Les éléments-clés de l'enquête

Par , le 11 mars 2004 à 17h03 , mis à jour le 29 juin 2004 à 21h57

Parlant tout d'abord d'un accident, Bertrand Cantat a ensuite admis avoir frappé Marie Trintignant. Poursuivi en France pour "coups et blessures volontaires ayant entraîné la mort sans intention de la donner", il est jugé en Lituanie pour "homicide volontaire".

Bertrand Cantat au tribunal lituanien © LCI

LES DECLARATIONS DE BERTRAND CANTAT
A l'hôpital de Vilnius, Bertrand Cantat subit un premier interrogatoire le 29 juillet où il parle d'un "accident, d'une folie, pas d'un crime". Une reconstitution a lieu le lendemain.

Le 31 juillet, il comparaît dans une petite salle du tribunal de Vilnius. Dans la pièce, à quelques mètres de lui, se trouvent la famille Trintignant ainsi que Kristina Rady, sa femme, et les trois autres membres de Noir Désir. Il est placé en détention provisoire à l'issue de l'audience avant d'être inculpé formellement pour "meurtre" le 8 août.

Le 21 août, l'affaire prend une autre dimension quand le chanteur reconnaît avoir frappé Marie Trintignant, ce que l'autopsie avait déjà révélé. Lors de son audition par la juge Turquey, venue de Paris, il explique que sa compagne est tout d'un coup devenue "hystérique" et lui a "donné un coup de poing" avant de se jeter sur lui.


L'interrogatoire de Bertrand Cantat,
publié par Le Parisien-
Voici les principaux passages de sa déposition, publiée par Le Parisien fin février : "J'ai perdu l'équilibre (…). Je suis devenu furieux (…). J'ai donné de fortes baffes à Marie (…). Elle se tenait debout dans l'encadrement de la porte de la salle de bains. Ca s'est passé très vite (…). Il est possible que la tête de Marie ait heurté le chambranle. J'en avais assez de tout ça, je voulais la faire taire. Après les gifles, j'ai saisi Marie. Nous nous sommes agrippés l'un à l'autre. Je l'ai traînée dans le salon. J'ai perdu l'équilibre et j'ai jeté Marie sur le sofa". Bertrand Cantat explique alors qu'il a essuyé le sang qui coulait sur le visage de sa compagne et l'a portée au lit, croyant qu'elle dormait. "Je ne pensais pas que son état était grave".

LES EXPERTISES
Marie Trintignant est morte des coups donnés -dix-neuf au total, dont sept à la tête- par Bertrand Cantat. Les conclusions de l'autopsie et d'un rapport complémentaire écartent la thèse de l'accident. Mais elles peuvent être interprétées différemment.

Ainsi, d'après la dernière expertise, les déclarations de l'accusé seraient "en partie compatibles" avec les lésions constatées sur le visage de la victime. De même, pour expliquer la passivité du rocker après la bagarre, les experts soulignent que "pour un profane, l'état de coma peut être confondu avec le sommeil d'autant plus facilement que la respiration est régulière et profonde". En revanche, ils ajoutent que les blessures ont été occasionnées par des coups plus nombreux et surtout plus violents -quatre coups de poing- que la version donnée par le chanteur.

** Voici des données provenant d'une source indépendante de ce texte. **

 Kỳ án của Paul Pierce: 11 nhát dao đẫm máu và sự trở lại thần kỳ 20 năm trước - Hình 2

CE QUI EST CERTAIN, CE QUI NE L'EST PAS
La cause de la dispute ?
La jalousie. Bertrand Cantat, qui venait de décider de limiter ses échanges avec sa femme au strict minimum, attendait que Marie Trintignant en fasse de même avec ses anciens compagnons -ses quatre fils sont nés de quatre pères différents. Un SMS envoyé quelques heures plus tôt par Samuel Benchetrit, le mari de la victime, a aggravé la situation. Il se concluait par l'expression chaleureuse "Ma petite Janis", en référence au film que le cinéaste venait de tourner avec Marie Trintignant. La défense devrait utiliser cette jalousie à décharge.

Le couple avait-il bu ?
Oui, notamment de la vodka -plus d'un litre- chez Andreus Leliuga, l'assistant du tournage chez qui il avait passé une partie de la soirée. En revanche, aucune drogue dure n'a été décelée.

Marie Trintignant aurait-elle pu être sauvée en étant opérée plus tôt ?
Difficile de répondre. En revanche, elle n'avait plus aucune chance de survie à son arrivée aux urgences. La passivité de Bertrand Cantat est retenue comme élément à charge par la justice lituanienne.

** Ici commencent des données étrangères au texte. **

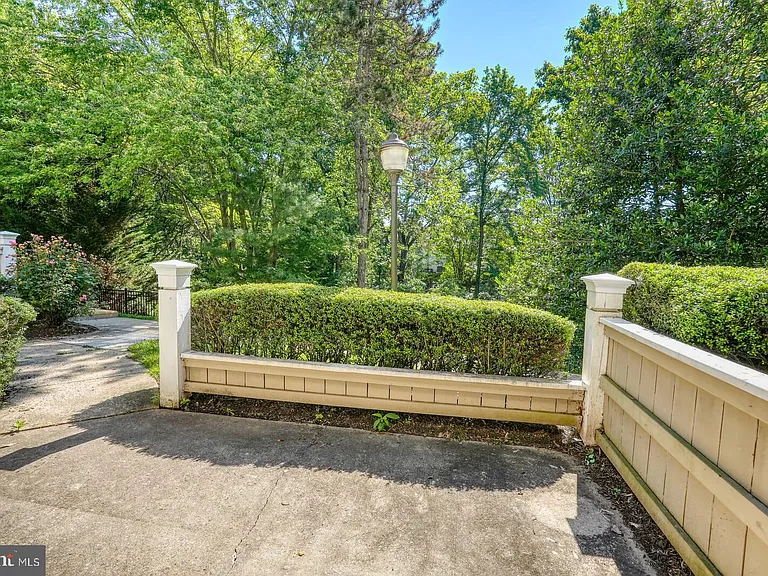 5800 Inman Park Cir #360 — Photo 4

Bertrand Cantat était-il violent avec ses compagnes ?
Absolument rien n'a été trouvé pour confirmer cette hypothèse, aussi bien dans les hôpitaux que dans les commissariats. Le témoignage d'une maquilleuse de l'équipe apparaît donc bien mince. Agnès Tassel affirme que Kristina Rady lui a dit avoir été battue, comme plusieurs femmes auparavant. L'épouse de Bertrand Cantat dément. Sans en connaître le contexte précis, le SMS envoyé par Marie à sa mère quelques jours avant le drame et signé "ta fi-fille battue" est également peu significatif.

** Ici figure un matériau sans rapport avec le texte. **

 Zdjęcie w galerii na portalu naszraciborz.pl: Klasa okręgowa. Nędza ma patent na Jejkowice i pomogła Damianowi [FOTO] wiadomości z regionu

L'accident de voiture de Marie Trintignant, blessée au visage en 1991, a-t-il laissé des séquelles à l'actrice ?
La justice française refuse d'enquêter sur ce sujet. Mais Me Metzner, l'avocat du prévenu, a bien l'intention de l'aborder au procès.

LE PROCES
La Lituanie ayant rapidement fait savoir qu'elle désirait juger l'accusé, aucune procédure d'extradition n'a été entreprise -la justice française a néanmoins ouvert une enquête pour "coups et blessures volontaires ayant entraîné la mort sans intention de la donner".

Le procès a donc lieu à Vilnius et devrait durer environ un mois. Comme le jury populaire n'existe pas dans ce pays balte, Bertrand Cantat sera jugé par trois magistrats professionnels. Les avocats des deux parties ne peuvent également s'exprimer qu'en lituanien, ce qui empêche de fait à Me Kiejman, le conseil de la famille Trintignant, et Me Metzner, de plaider.

CE QUE RISQUE BERTRAND CANTAT
Il est renvoyé pour "homicide volontaire", passible de quinze ans de prison. Le procureur a néanmoins indiqué qu'il ne comptait pas requérir la peine maximale car il s'agit du meurtre d'un proche, un crime qui bénéficie de circonstances atténuantes en Lituanie.

Le chef d'accusation peut d'ailleurs évoluer pendant les débats. Deux autres qualifications existent en Lituanie : le "meurtre indélibéré" (équivalent plus au moins à notre "homicide involontaire", quatre ans au maximum) et surtout le "meurtre commis sous l'empire de la passion", engendré par le comportement de la victime, passible de six ans de prison. La défense devrait utiliser cette dernière solution.

S'il est condamné, le chanteur pourra demander à purger sa peine en France. La Lituanie devrait accepter si Paris s'engage à ce qu'il en accomplisse la totalité.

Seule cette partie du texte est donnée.